LAB_DIR = RUN_DIR / "lab_trial"
cfg = JobSourceConfig(
    source_id="quotes_jobs_mock", 
    entrypoints=[{"url": "http://quotes.toscrape.com", "paging": {"mode": "page", "pages": 1}}],
    discovery={"link_extract": {"method": "css", "selector": ".quote a"}},
    parsing={"item_extract": {"fields": {"title": {"selector": ".text"}, "company": {"selector": ".author"}}}}
)

run_jobs_recipe([cfg], output_root=str(LAB_DIR), online=False)
print(f"Lab run complete. Check {LAB_DIR}/quotes_jobs_mock/jobs.jsonl")
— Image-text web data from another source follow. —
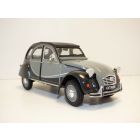CITROEN 2CV CHARLESTON gris cormoran 1/24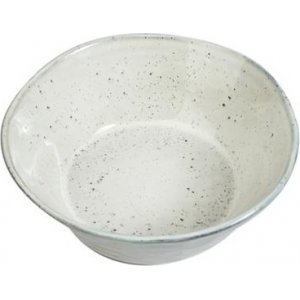 Dreja dessertsk�l - Hvit - 4-pack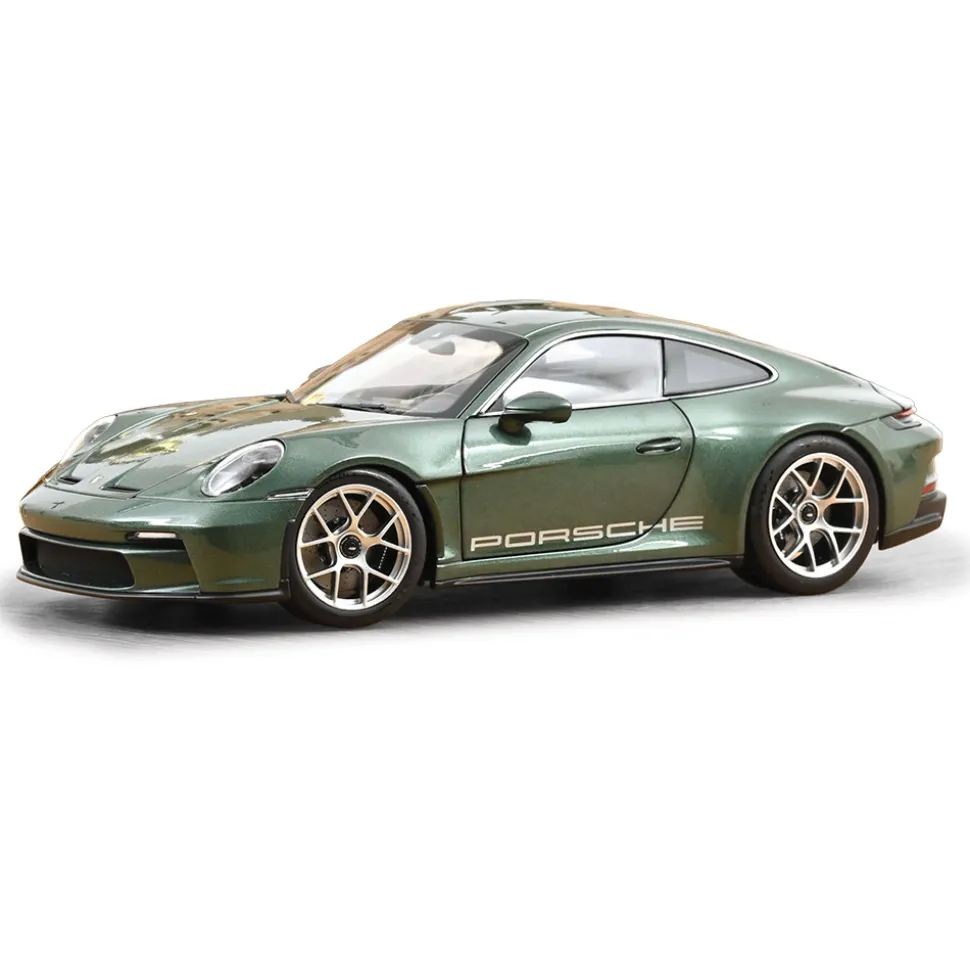 2023 Porsche 911 S/T - Malachite Green 1:18 Scale Diecast Model Car by Norev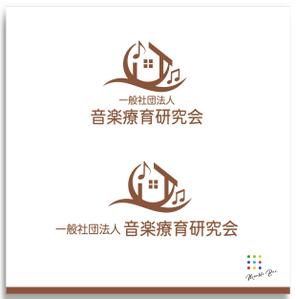 Marble Box. (Canary)さんの一般社団法人 音楽療育研究会のロゴへの提案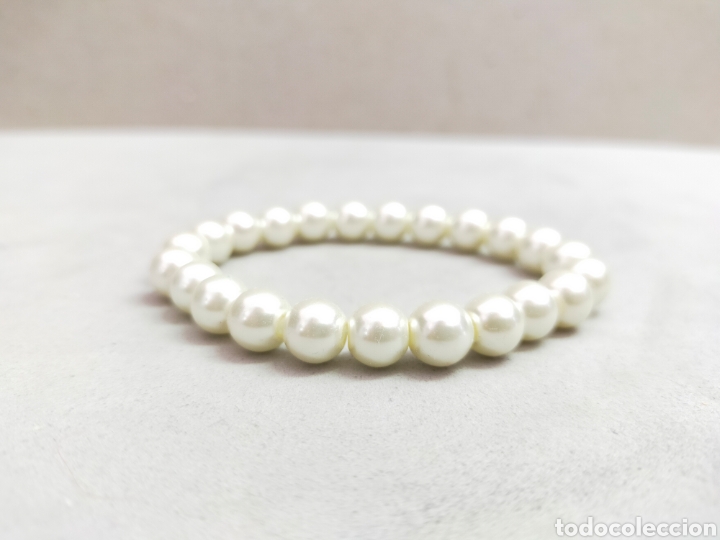 Joyeria: PULSERA DE SIMIL PERLAS, ELASTICA. - Foto 3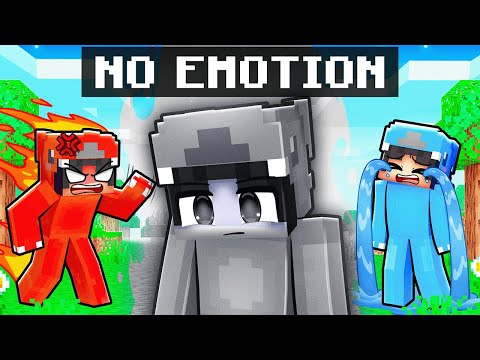 Omz has LOST HIS EMOTIONS in Minecraft!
## 6) Observability & Artifacts Inspection

Every multi-source run generates a `jobs_tracking.json` file.

In [None]:
tracking_file = LAB_DIR / "jobs_tracking.json"
if tracking_file.exists():
    tracking = json.loads(tracking_file.read_text())
    for sid, data in tracking.items():
        if isinstance(data, dict):
            print(f"Source: {sid} | Status: {data.get('status')} | Results: {len(data.get('results', []))} phases")

### Summary Checklist for New Sources
- [ ] Config defined and validated.
- [ ] Engine selected (HTTP vs Browser).
- [ ] Link extraction regex/selector verified.
- [ ] Detail page selectors verified.
- [ ] Offline run successful on fixtures.
- [ ] Regression test added to test suite.